Ich staune und der Bischof tanzt

Staunen ist gesund. Daher war es eine gute Entscheidung, ins Pilgerzelt essen zu gehen.

Denn auf dem Weg dorthin musste ich mein Weltbild überarbeiten. Erstens: Die Deutschen zeugen viel mehr Kinder, als man denkt. Und die waren gestern alle im Palastgarten. Ich weiß, wir Trierer neigen zur Übertreibung. Aber das waren mindestens Zehntausend. Also viel zu viele, um es mit dem Begriff Milljuunen noch beschreiben zu können. Zweitens: Wenn Ihnen nochmal jemand verklickern will, die Kirche hätte ein Nachwuchsproblem - glauben Sie kein Wort!
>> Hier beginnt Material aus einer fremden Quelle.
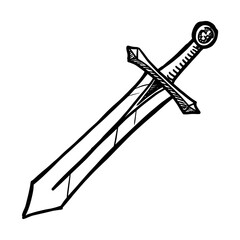 Sword vector illustration isolated on white background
Die Jugend ist verrückt nach Jesus und nach all seinen Klamotten. Das Spektakel im Palastgarten sah nämlich nur aus wie Rock am Ring (allerdings ohne Bier, Schlamm und brennende Zelte). In Wirklichkeit war\'s aber ein Ding am Rock. Mit Bischof. Und zwar eins, das auch die Lateinschüler aus Antwerpen ins Staunen brachte: "Bei uns in Belgien fangen die Priester nicht mitten im Gottesdienst an zu tanzen", sagt einer. Die anderen nicken bekräftigend. Und ich staune. Was haben die da bloß gemacht? Das herauszufinden ist nicht leicht. Denn die Hälfte der 10 000 Schüler hat so weit hinten gestanden, dass sie das nur schwer erkennen konnten (Cool war\'s trotzdem!). Doch ein paar Jungs aus Bitburg wissen Bescheid. "Das war geil", sagen auch sie. Um den Bischof zu überraschen, hätten die Schüler einen Tanzflashmob vorbereitet, und dann hätten alle getanzt. Auch der Bischof, der den "Pal" inzwischen strahlend verlassen hat. Auch sonst sind alle blendend drauf: Vier pubertierende Jungs erzählen mir mit leuchtenden Augen, dass sie sich riesig darauf freuen, den Rock gleich zu sehen. Zwei 16-Jährige aus Vallendar schwärmen davon, wie der Marsch nach Trier ihre Gruppe zusammengeschweißt habe, wie ergreifend das letzte Lied im Abendlob war und wie gut sie auf den Heiligen Rock vorbereitet wurden. Ich hingegen war auf all das nicht vorbereitet. Endlich im Pilgerzelt erfahre ich dann auch noch, dass der vermeintliche Imam-Gesang, den ich am Priesterseminar gehört hatte, zu den 2000 arabischen Christen gehört, die gerade beim Rock sind. Schön! Ich staune gerne. In ihrer Kolumne "Trier rockt" macht sich unsere Redakteurin ihre eigenen Gedanken über die Heilig-Rock-Wallfahrt.